Tax season has come and gone — at least for the more than 103 million filers who submitted their returns before April 15.
This spring marked the first time taxpayers and their accountants submitted tax returns under the Tax Cuts and Jobs Act.
The overhaul of the tax code, which went into effect in 2018, increased the standard deduction to $12,000 for singles ($24,000 for married couples filing jointly), eliminated personal exemptions and curbed a number of itemized deductions.
The Treasury Department and the IRS also updated the withholding tables last year to reflect the new laws. These tables, when used with Form W-4, help employers deduct income taxes from your pay.
Overall, individual income tax rates also went down.
Amid all of these changes, taxpayers have one burning question: "How did I fare under the new tax law?"
Many are looking to their refunds as an indicator of how they did, but those checks only tell part of the story.
The IRS paid $220.7 billion in total refunds as of April 5, down by about $6 billion from a year ago, according to the agency. The average refund check is $2,833, down by about $30 from last year.
"People are looking at the bottom line, which for them is the consequence of filing the return then and there: Did you get a refund or do you have a balance due?" said Nathan Rigney, lead tax research analyst at the Tax Institute at H&R Block.

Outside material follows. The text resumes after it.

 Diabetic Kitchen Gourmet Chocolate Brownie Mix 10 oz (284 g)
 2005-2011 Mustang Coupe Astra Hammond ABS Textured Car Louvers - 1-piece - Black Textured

Tax liability Tax Day winners and losers
Got your 2018 tax return? Dig up your 2017 return, too.
Focus on line 15 on your 2018 return and line 63 on your 2017 return, Rigney said. These tell you your total tax paid in those respective years. Compare the two.
"The first thing to figure out is did you have a tax liability problem? Or did you have a withholding problem? Was it losing the ability to itemize?" asked Jeffrey Porter, CPA and founder of Porter & Associates in Huntington, West Virginia.
A decrease in liability alone isn't necessarily a guarantee you won't owe the IRS in the spring.
For instance, if your tax liability went down in 2018, yet you also significantly didn't withhold enough that year, you may end up owing.
In this case, your taxes went down and money you would have otherwise paid the IRS went into your paycheck — enough that you underpaid Uncle Sam last year and now owe.
A bird's eye view
The chart below shows how the average tax liability changed in your state, according to H&R Block, based on tax returns filed through March 31.
Taxpayers in New Jersey, home to some of the highest property taxes in the nation, experienced a 29 percent decrease in tax liability year over year, but that benefit wasn't shared equally among all households, according to H&R Block.
For instance, filers in the state who didn't pay the alternative minimum tax last year but who paid high state and local taxes — and who didn't have children — might be more likely to pay more taxes year over year, said Rigney.
"The first thing to figure out is did you have a tax liability problem? Or did you have a withholding problem? Was it losing the ability to itemize?" -Jeffrey Porter, CPA and founder of Porter & Associates
That's because the state and local income tax deduction has been limited to $10,000, meaning people with high property and income tax bills can't write off as much of the liability on their federal returns.
On the other hand, households with children under age 17 probably fared better, Rigney said. They benefited from the $2,000-per-kid child tax credit, which is doubled from 2017.
This credit now starts to phase out at $200,000 of adjusted gross income for single filers ($400,000 for joint). Prior to the tax overhaul, the child tax credit started to phase out at $75,000 for single filers ($110,000 for joint filers).